Was wäre, wenn er wirklich weg wäre, malen sich die Pentagon-Strategen ja nicht nur in ihren Träumen aus, sondern arbeiten auch daran. Dass jemand wie George Friedman –  Chef des als “Schatten-CIA”  bezeichneten Thinktanks “Stratfor” – unverblümten Klartext über die geopolitischen Ziele der USA spricht, ist selten genug, weshalb ich das folgende Video zur Ansicht empfehle. Wer in unserem Buch “Wir sind die Guten” die Kapitel  zur Geopolitik – von Mackinder über Brzezinski zur “Full Spectrum Dominance”-Doktrin – gelesen hat, kann die  Ausführungen Friedmans als aktuelle Fortsetzung sehen; wer sich mit der Außenpolitik des US-Imperiums noch nicht näher beschäftigt hat, kann hier zusammengefasst erfahren, um was es dabei wirklich geht – und dass der Cartoon von Gerhard Seyfried keine satirische Übertreibung darstellt, sondern die grausame Realität:

 

Eine bessere Übersetzung sowie ein Link zu dem kompletten Vortrag von Friedman hier

Kommentare

8 Kommentare zu “Onkel Kerry bringt den Kleinen Ballspielen bei!”
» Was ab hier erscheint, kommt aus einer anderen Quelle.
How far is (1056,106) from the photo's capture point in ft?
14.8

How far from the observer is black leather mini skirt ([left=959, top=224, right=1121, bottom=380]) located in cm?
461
  1. Markus Weber am 16.03.2015 um 23:12 Uhr 

    Bei dem Youtube-Filmchen ist es mir heiss und kalt den Rücken heruntergelaufen. Die Sationierung von Waffen und Truppen im Sicherheitsgürtel sind ja bereits in vollem Gange.

    Kommen die Deutschen da noch ohne Krieg und Niederlage heraus? Das schon, allerdings nicht ohne grössere Opfer. Als erstes sollten sie die Euro-Zone verlassen (diese Währung haben die US-Banker durch Griechenland mit einem Not-Aus-Knopf ausgestattet) und auf eine eigenständige Währung setzen mit dem Schöpfungsrecht bei der Regierung. Dann sollten sie mit all jenen Nationen, mit denen es noch reale Werte auszutauschen gibt, einen möglichst unverbauten Handel treiben. Vielleicht entspringt hier eine stabilere Währungsalternative.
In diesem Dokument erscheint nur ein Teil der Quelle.